WORK INSTRUCTIONS: Without the pictures, restate all of the data below word for word.
SUPPLIED MATERIAL START
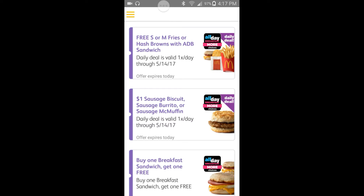And that's what that deal is: free small fry, medium fry, or hash brown with an all-day breakfast purchase. As long as you buy a sandwich or something from the all-day breakfast menu, you can get any one of these included in the deal. This offer ends May 14th, 2017, so get this while it stands.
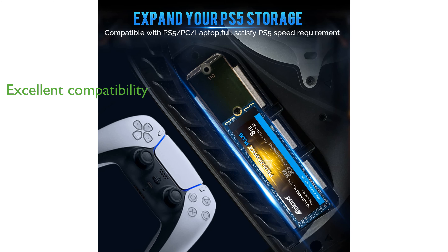The NVMe M.2 PCIe Gen4 X4 interface and 2280 form factor make this SSD an excellent choice for ultrabooks, tablet computers, and mini PCs.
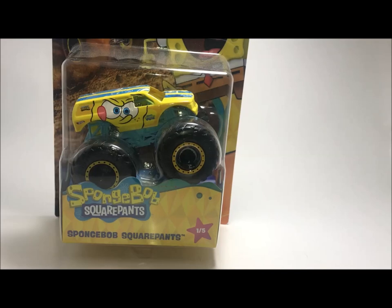What is up guys, it's Mike here and today we're going to be looking at the Target exclusive SpongeBob SquarePants Monster Trucks.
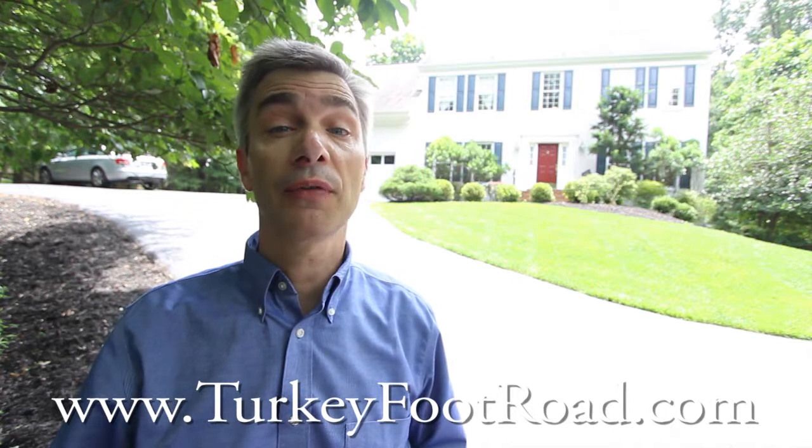You can see all the details of this wonderful property at its website, turkeyfootroad.com, but to truly appreciate it, you've got to see it in person. Contact us anytime to arrange for a private showing. Thanks for watching.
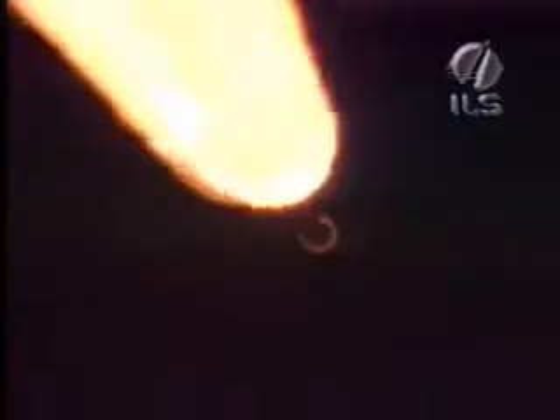Groundlit and airlit SRB chamber pressures are peaking out, beginning to roll off. Sustainer engine burning normally. We have jettisoned the groundlit SRBs. Coming up on burnout of the airlit SRBs — we have burnout. And jettison of the airlit SRBs. Everything's looking good at 1 minute 52 seconds.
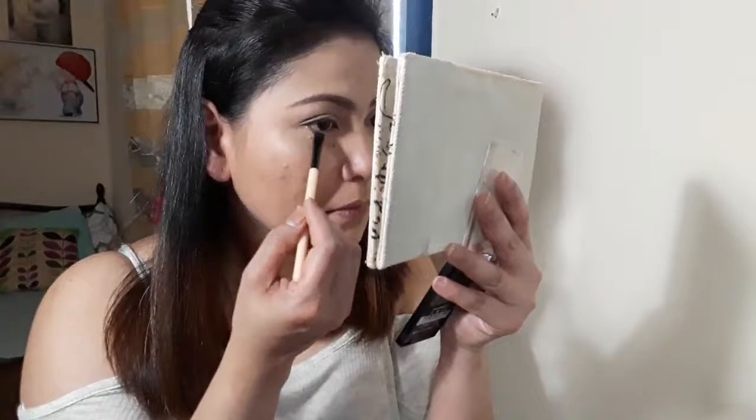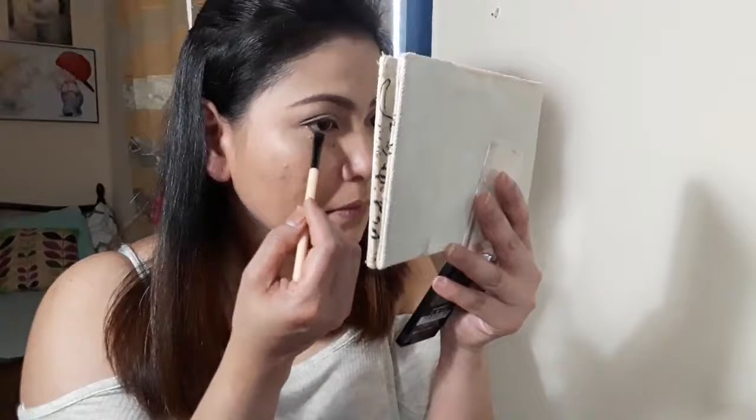Then I'm going to do my lower lids using a smaller brush with the dark shade and put it on the lower lids. I'm going to get the light shade from the Into It palette and put it on the inner corner of my eyelids. Then I'm going to apply the eyeliner using this Shimmy Vogue Eyeliner.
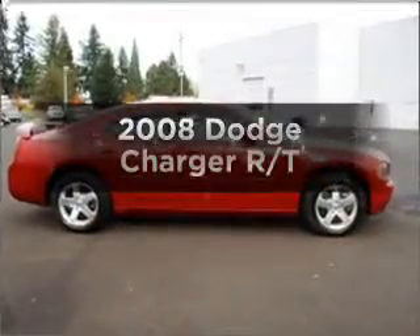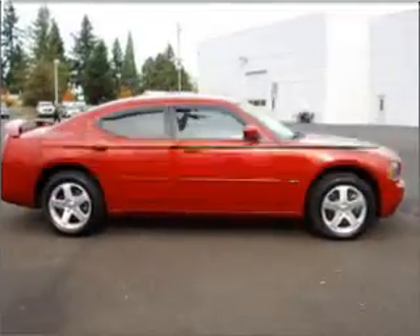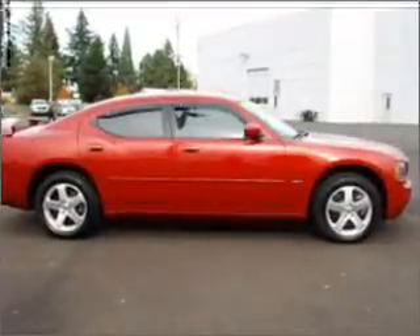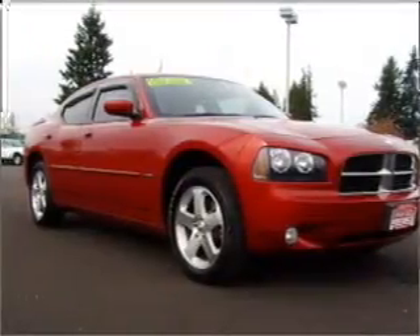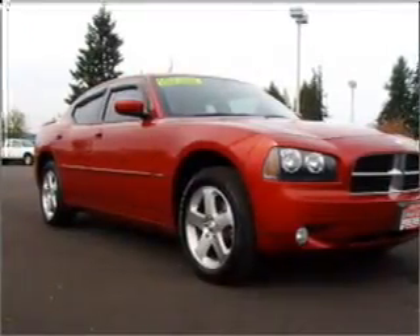Check out this 2008 Dodge Charger. If you're looking for a first-rate auto, this one could be yours today. With a powerful 8-cylinder engine that responds smoothly to its 5-speed automatic transmission.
SUPPLIED MATERIAL END
TASK ANSWER:
And that's what that deal is: free small fry, medium fry, or hash brown with an all-day breakfast purchase. As long as you buy a sandwich or something from the all-day breakfast menu, you can get any one of these included in the deal. This offer ends May 14th, 2017, so get this while it stands.
The NVMe M.2 PCIe Gen4 X4 interface and 2280 form factor make this SSD an excellent choice for ultrabooks, tablet computers, and mini PCs.
What is up guys, it's Mike here and today we're going to be looking at the Target exclusive SpongeBob SquarePants Monster Trucks.
You can see all the details of this wonderful property at its website, turkeyfootroad.com, but to truly appreciate it, you've got to see it in person. Contact us anytime to arrange for a private showing. Thanks for watching.
Groundlit and airlit SRB chamber pressures are peaking out, beginning to roll off. Sustainer engine burning normally. We have jettisoned the groundlit SRBs. Coming up on burnout of the airlit SRBs — we have burnout. And jettison of the airlit SRBs. Everything's looking good at 1 minute 52 seconds.
Then I'm going to do my lower lids using a smaller brush with the dark shade and put it on the lower lids. I'm going to get the light shade from the Into It palette and put it on the inner corner of my eyelids. Then I'm going to apply the eyeliner using this Shimmy Vogue Eyeliner.
Check out this 2008 Dodge Charger. If you're looking for a first-rate auto, this one could be yours today. With a powerful 8-cylinder engine that responds smoothly to its 5-speed automatic transmission.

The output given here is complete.